*** Block opens ***

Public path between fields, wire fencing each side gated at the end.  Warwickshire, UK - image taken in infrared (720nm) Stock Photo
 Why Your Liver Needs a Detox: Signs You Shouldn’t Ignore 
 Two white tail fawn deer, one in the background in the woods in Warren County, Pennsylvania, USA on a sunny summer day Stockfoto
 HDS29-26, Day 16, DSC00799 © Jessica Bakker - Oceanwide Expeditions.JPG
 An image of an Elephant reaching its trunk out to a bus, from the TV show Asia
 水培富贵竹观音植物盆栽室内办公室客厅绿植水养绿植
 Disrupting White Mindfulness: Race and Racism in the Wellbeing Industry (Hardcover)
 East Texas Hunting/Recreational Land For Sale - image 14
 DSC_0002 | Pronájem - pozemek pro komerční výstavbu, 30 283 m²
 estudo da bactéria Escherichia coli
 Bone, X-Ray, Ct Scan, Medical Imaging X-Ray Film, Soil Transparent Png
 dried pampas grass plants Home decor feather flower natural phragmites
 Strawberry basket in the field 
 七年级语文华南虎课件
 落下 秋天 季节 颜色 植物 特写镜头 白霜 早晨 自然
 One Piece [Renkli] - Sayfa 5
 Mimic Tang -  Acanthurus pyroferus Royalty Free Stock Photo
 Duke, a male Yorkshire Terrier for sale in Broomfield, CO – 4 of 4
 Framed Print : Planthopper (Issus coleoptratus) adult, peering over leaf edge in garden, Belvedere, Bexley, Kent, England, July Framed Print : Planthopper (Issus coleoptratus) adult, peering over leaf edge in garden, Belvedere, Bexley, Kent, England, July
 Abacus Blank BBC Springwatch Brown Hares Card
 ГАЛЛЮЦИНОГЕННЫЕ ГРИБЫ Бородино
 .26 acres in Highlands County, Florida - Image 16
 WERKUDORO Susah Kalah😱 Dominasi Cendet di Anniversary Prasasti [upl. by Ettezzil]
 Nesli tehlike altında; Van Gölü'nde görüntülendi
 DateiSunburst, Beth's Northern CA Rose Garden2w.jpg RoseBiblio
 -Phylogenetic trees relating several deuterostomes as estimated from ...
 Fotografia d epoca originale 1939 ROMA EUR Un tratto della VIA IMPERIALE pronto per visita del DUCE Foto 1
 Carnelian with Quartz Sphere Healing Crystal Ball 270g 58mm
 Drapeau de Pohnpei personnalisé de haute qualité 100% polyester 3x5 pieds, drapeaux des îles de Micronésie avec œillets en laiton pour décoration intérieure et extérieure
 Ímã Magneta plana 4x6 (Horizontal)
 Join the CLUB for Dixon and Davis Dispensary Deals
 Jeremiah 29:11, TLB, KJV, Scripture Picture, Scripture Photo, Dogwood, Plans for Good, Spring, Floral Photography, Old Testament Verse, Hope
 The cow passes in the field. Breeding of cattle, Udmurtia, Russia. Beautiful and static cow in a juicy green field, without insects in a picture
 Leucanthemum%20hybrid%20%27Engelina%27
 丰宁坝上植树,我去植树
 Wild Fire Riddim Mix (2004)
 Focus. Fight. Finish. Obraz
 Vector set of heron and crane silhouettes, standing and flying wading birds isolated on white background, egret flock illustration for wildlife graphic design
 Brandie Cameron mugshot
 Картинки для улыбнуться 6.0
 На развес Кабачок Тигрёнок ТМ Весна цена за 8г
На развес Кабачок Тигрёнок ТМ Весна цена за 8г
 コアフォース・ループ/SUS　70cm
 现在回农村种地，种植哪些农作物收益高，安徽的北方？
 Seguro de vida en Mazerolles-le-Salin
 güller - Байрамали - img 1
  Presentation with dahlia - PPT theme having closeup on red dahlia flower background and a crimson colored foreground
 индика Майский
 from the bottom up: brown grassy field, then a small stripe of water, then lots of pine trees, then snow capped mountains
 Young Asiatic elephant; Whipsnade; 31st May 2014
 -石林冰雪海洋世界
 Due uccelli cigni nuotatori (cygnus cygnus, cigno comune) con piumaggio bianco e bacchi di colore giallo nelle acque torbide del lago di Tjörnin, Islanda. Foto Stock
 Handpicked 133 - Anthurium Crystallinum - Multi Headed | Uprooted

*** Block closes ***

TASK INSTRUCTIONS -
Once you have read the material, set it down again word for word.

EXERCISE OUTPUT -
Public path between fields, wire fencing each side gated at the end.  Warwickshire, UK - image taken in infrared (720nm) Stock Photo
 Why Your Liver Needs a Detox: Signs You Shouldn’t Ignore 
 Two white tail fawn deer, one in the background in the woods in Warren County, Pennsylvania, USA on a sunny summer day Stockfoto
 HDS29-26, Day 16, DSC00799 © Jessica Bakker - Oceanwide Expeditions.JPG
 An image of an Elephant reaching its trunk out to a bus, from the TV show Asia
 水培富贵竹观音植物盆栽室内办公室客厅绿植水养绿植
 Disrupting White Mindfulness: Race and Racism in the Wellbeing Industry (Hardcover)
 East Texas Hunting/Recreational Land For Sale - image 14
 DSC_0002 | Pronájem - pozemek pro komerční výstavbu, 30 283 m²
 estudo da bactéria Escherichia coli
 Bone, X-Ray, Ct Scan, Medical Imaging X-Ray Film, Soil Transparent Png
 dried pampas grass plants Home decor feather flower natural phragmites
 Strawberry basket in the field 
 七年级语文华南虎课件
 落下 秋天 季节 颜色 植物 特写镜头 白霜 早晨 自然
 One Piece [Renkli] - Sayfa 5
 Mimic Tang -  Acanthurus pyroferus Royalty Free Stock Photo
 Duke, a male Yorkshire Terrier for sale in Broomfield, CO – 4 of 4
 Framed Print : Planthopper (Issus coleoptratus) adult, peering over leaf edge in garden, Belvedere, Bexley, Kent, England, July Framed Print : Planthopper (Issus coleoptratus) adult, peering over leaf edge in garden, Belvedere, Bexley, Kent, England, July
 Abacus Blank BBC Springwatch Brown Hares Card
 ГАЛЛЮЦИНОГЕННЫЕ ГРИБЫ Бородино
 .26 acres in Highlands County, Florida - Image 16
 WERKUDORO Susah Kalah😱 Dominasi Cendet di Anniversary Prasasti [upl. by Ettezzil]
 Nesli tehlike altında; Van Gölü'nde görüntülendi
 DateiSunburst, Beth's Northern CA Rose Garden2w.jpg RoseBiblio
 -Phylogenetic trees relating several deuterostomes as estimated from ...
 Fotografia d epoca originale 1939 ROMA EUR Un tratto della VIA IMPERIALE pronto per visita del DUCE Foto 1
 Carnelian with Quartz Sphere Healing Crystal Ball 270g 58mm
 Drapeau de Pohnpei personnalisé de haute qualité 100% polyester 3x5 pieds, drapeaux des îles de Micronésie avec œillets en laiton pour décoration intérieure et extérieure
 Ímã Magneta plana 4x6 (Horizontal)
 Join the CLUB for Dixon and Davis Dispensary Deals
 Jeremiah 29:11, TLB, KJV, Scripture Picture, Scripture Photo, Dogwood, Plans for Good, Spring, Floral Photography, Old Testament Verse, Hope
 The cow passes in the field. Breeding of cattle, Udmurtia, Russia. Beautiful and static cow in a juicy green field, without insects in a picture
 Leucanthemum%20hybrid%20%27Engelina%27
 丰宁坝上植树,我去植树
 Wild Fire Riddim Mix (2004)
 Focus. Fight. Finish. Obraz
 Vector set of heron and crane silhouettes, standing and flying wading birds isolated on white background, egret flock illustration for wildlife graphic design
 Brandie Cameron mugshot
 Картинки для улыбнуться 6.0
 На развес Кабачок Тигрёнок ТМ Весна цена за 8г
На развес Кабачок Тигрёнок ТМ Весна цена за 8г
 コアフォース・ループ/SUS　70cm
 现在回农村种地，种植哪些农作物收益高，安徽的北方？
 Seguro de vida en Mazerolles-le-Salin
 güller - Байрамали - img 1
  Presentation with dahlia - PPT theme having closeup on red dahlia flower background and a crimson colored foreground
 индика Майский
 from the bottom up: brown grassy field, then a small stripe of water, then lots of pine trees, then snow capped mountains
 Young Asiatic elephant; Whipsnade; 31st May 2014
 -石林冰雪海洋世界
 Due uccelli cigni nuotatori (cygnus cygnus, cigno comune) con piumaggio bianco e bacchi di colore giallo nelle acque torbide del lago di Tjörnin, Islanda. Foto Stock
 Handpicked 133 - Anthurium Crystallinum - Multi Headed | Uprooted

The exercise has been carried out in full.